**Stored data**:
Segment Open

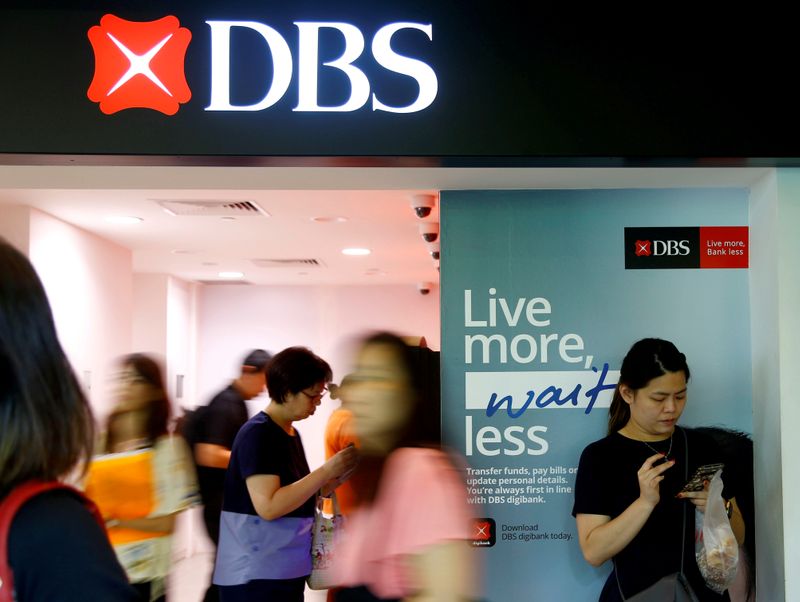 FILE PHOTO: FILE PHOTO: People walk past a DBS branch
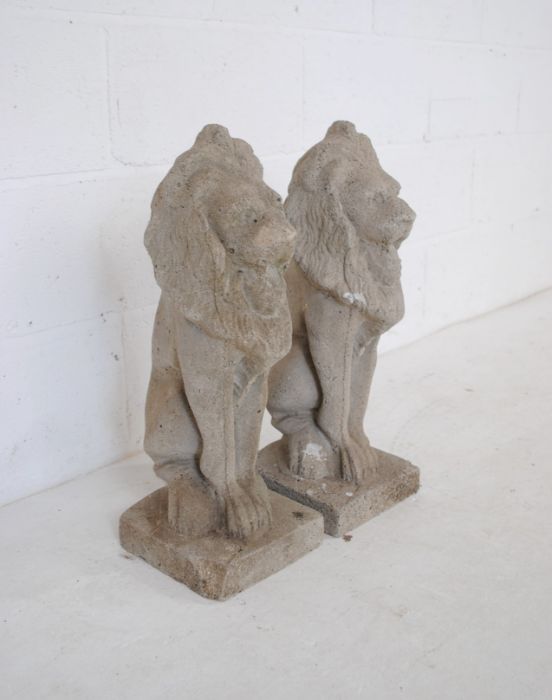 A pair of reconstituted stone garden ornaments in the form of lions - height 56cm - Image 2 of 6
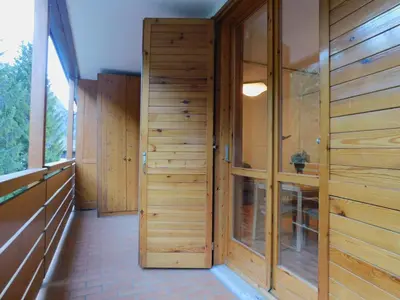 a room with wooden walls and a walk in shower at Loft a Canazei vicino alle piste vista Marmolada in Alba di Canazei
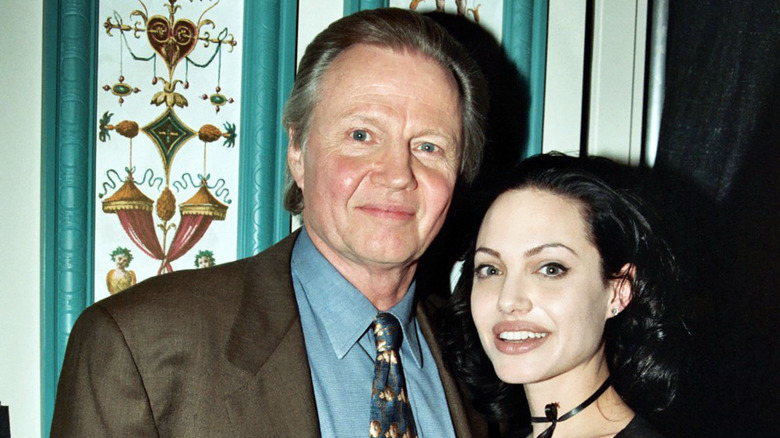 Angelina Jolie posing for photos with father Jon Voight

Segment Closed

**Aim of the task**: The required output is an exact copy of the lines from the one with "a room with" through the final line of the data above, with pictures removed.

**Written solution**:
 a room with wooden walls and a walk in shower at Loft a Canazei vicino alle piste vista Marmolada in Alba di Canazei
 Angelina Jolie posing for photos with father Jon Voight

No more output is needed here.